- _Your instructions_:
Word for word, transcribe the data below from the line with "Alberto Jeans Pipe" to the line with "Hot Wheels Red", keeping both of those lines.

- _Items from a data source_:
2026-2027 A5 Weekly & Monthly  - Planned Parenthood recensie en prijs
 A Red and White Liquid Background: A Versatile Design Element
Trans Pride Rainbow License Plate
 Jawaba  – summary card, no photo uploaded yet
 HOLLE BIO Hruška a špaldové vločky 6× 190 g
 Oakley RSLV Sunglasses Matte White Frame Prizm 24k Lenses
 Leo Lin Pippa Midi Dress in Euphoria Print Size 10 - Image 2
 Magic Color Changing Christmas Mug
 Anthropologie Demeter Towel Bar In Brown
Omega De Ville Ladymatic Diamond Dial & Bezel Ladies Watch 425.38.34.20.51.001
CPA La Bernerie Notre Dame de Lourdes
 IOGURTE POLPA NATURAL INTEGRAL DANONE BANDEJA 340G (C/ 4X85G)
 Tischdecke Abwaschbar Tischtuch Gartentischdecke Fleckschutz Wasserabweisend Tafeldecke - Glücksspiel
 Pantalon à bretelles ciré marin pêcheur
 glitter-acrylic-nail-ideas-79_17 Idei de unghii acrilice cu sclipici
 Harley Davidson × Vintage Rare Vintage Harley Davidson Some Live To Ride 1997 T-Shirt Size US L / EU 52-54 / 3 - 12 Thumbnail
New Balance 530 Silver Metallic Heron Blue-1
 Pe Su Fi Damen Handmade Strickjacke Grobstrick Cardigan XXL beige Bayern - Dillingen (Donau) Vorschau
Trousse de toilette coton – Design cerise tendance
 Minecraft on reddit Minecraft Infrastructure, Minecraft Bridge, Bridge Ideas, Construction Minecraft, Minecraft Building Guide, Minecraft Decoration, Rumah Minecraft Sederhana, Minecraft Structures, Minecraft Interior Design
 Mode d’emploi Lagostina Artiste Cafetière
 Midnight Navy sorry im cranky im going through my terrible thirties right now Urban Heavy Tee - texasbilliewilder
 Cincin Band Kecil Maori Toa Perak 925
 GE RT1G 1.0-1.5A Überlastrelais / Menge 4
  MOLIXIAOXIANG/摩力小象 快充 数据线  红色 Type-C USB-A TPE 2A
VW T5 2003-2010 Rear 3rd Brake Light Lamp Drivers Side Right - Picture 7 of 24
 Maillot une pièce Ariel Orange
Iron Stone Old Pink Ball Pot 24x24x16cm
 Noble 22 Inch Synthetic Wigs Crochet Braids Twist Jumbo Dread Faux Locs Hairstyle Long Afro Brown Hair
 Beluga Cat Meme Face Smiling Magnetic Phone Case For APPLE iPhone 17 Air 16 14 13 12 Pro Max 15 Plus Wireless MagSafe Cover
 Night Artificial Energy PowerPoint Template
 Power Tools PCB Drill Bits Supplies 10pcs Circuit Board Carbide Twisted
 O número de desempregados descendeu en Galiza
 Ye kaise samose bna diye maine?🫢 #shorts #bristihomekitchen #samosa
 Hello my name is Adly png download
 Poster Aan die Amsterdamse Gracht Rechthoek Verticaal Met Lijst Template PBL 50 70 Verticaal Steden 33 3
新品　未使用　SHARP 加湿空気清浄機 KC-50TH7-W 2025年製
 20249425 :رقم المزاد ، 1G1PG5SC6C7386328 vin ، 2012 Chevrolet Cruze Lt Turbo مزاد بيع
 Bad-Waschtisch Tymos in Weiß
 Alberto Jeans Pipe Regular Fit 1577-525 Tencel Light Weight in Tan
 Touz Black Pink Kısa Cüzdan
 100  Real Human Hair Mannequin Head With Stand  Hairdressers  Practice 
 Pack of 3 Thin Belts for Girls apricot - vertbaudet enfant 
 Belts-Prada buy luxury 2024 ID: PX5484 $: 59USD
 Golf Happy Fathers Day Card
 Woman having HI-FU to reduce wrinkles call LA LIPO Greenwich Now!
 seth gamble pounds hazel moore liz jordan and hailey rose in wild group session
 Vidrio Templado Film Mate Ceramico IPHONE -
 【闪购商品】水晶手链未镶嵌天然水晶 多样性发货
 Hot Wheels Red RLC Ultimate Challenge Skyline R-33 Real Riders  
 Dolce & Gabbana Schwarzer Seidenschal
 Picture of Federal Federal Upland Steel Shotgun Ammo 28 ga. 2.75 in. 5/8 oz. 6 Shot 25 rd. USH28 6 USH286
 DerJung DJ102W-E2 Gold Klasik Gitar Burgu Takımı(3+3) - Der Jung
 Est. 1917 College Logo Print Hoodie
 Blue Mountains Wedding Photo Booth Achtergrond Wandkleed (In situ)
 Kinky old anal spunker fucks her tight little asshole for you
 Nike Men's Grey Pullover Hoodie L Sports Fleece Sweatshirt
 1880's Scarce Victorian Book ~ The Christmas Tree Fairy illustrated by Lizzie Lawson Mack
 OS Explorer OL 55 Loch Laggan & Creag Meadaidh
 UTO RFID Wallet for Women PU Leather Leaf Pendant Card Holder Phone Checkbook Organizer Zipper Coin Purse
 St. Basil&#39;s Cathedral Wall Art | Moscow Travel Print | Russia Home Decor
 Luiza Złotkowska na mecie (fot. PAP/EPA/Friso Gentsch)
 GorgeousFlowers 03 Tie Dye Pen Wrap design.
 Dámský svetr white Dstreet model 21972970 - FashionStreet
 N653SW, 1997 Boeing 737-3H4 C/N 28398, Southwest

- _Task result_:
 Alberto Jeans Pipe Regular Fit 1577-525 Tencel Light Weight in Tan
 Touz Black Pink Kısa Cüzdan
 100  Real Human Hair Mannequin Head With Stand  Hairdressers  Practice 
 Pack of 3 Thin Belts for Girls apricot - vertbaudet enfant 
 Belts-Prada buy luxury 2024 ID: PX5484 $: 59USD
 Golf Happy Fathers Day Card
 Woman having HI-FU to reduce wrinkles call LA LIPO Greenwich Now!
 seth gamble pounds hazel moore liz jordan and hailey rose in wild group session
 Vidrio Templado Film Mate Ceramico IPHONE -
 【闪购商品】水晶手链未镶嵌天然水晶 多样性发货
 Hot Wheels Red RLC Ultimate Challenge Skyline R-33 Real Riders  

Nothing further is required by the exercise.